*WHAT YOU HAVE TO DO:*
Would you print out all of the data exactly and keep the pictures out of it?
*** DATA ***
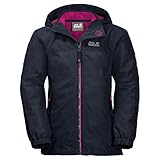 Jack Wolfskin Girl’s G Iceland 3-in-1 Waterproof Insulated System-Zip Jacket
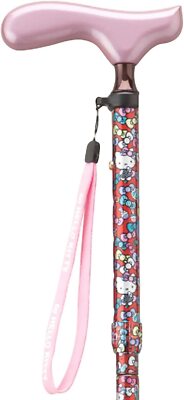 HK-22 KAY HOSPIA / Hello Kitty Faltstock rot (Höhenverstellung 150 ~ 170cm)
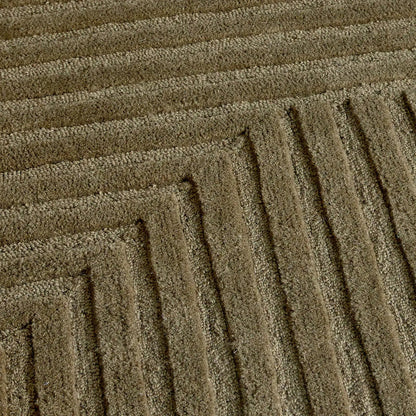 Cooma Olive Wool Rug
*** End of DATA ***
*OUTPUT OF THE EXERCISE:*
 Jack Wolfskin Girl’s G Iceland 3-in-1 Waterproof Insulated System-Zip Jacket
 HK-22 KAY HOSPIA / Hello Kitty Faltstock rot (Höhenverstellung 150 ~ 170cm)
 Cooma Olive Wool Rug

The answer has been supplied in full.